La plupart des objets physiques sont sensibles ou en eux-mêmes, ou au moins par leurs effets immédiats. Une masse a une figure sensible ; une masse en mouvement parcourt un espace sensible dans un tems sensible ; elle est retardée par des obstacles sensibles, ou elle est retardée sensiblement, &c. une masse élastique est applatie par le choc dans une partie sensible de sa surface, &c. cette circonstance soûmet à la précision géométrique la détermination des figures, des forces, des mouvemens de ces corps ; elle fournit au géometre des principes sensibles, d’après lesquels il bâtit ce qu’il appelle des théories, qui depuis que le grand Newton a fait un excellent ouvrage en décorant la Physique du relief de ces sublimes connoissances, sont devenues la Physique.

La Physique d’aujourd’hui est donc proprement la collection de toutes les sciences physico-mathématiques : or jusqu’à présent on n’a calculé que les forces & les effets des masses : car quoique les plus profondes opérations de la Géométrie transcendante s’exercent sur des objets infiniment petits, cependant comme ces objets passent immédiatement de l’abstraction à l’état de masse, qu’ils sont des masses figurées, douées de forces centrales, &c. dès qu’ils sont considérés comme êtres physiques, les très-petits corps du Physicien géometre ne sont pas les corpuscules que nous avons opposés aux masses ; & les calculs faits sur ces corps avec cette sagacité & cette force de génie que nous admirons, ne rendent pas les causes & les effets chimiques plus calculables, du moins plus calculés jusqu’à présent.
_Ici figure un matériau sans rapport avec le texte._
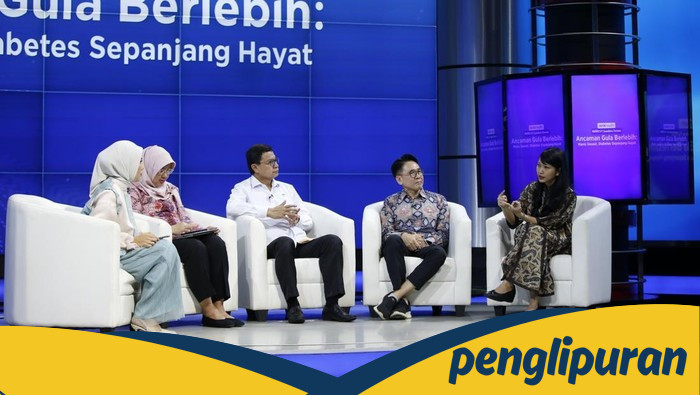 Jangan Rindu Manis! Ini Saran Dokter untuk Penderita Diabetes yang Gemar Makanan Manis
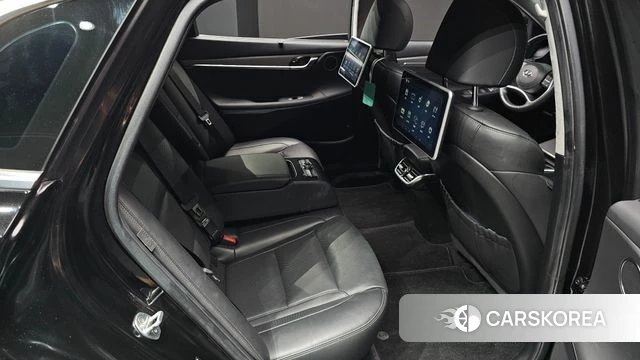 Hyundai The New Grandeur IG 2020 Черный из Кореи, фото 3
Les Physiciens sont très-curieux de ramener tous les phénomenes de la nature aux loix méchaniques,

& le nom le plus honnête qu’on puisse donner aux causes qu’ils assignent, aux agens qu’ils mettent en jeu dans leurs explications, c’est de les appeller méchaniques.

La Physique nous avouera elle-même sans doute sur la nature des objets que nous lui attribuons, & d’autant plus que nous ne lui avons pas enlevé ceux qu’elle a usurpés sur nous, & dont la propriété pouvoit la flater ; nous avons dit seulement que son objet dominant étoit la contemplation des masses.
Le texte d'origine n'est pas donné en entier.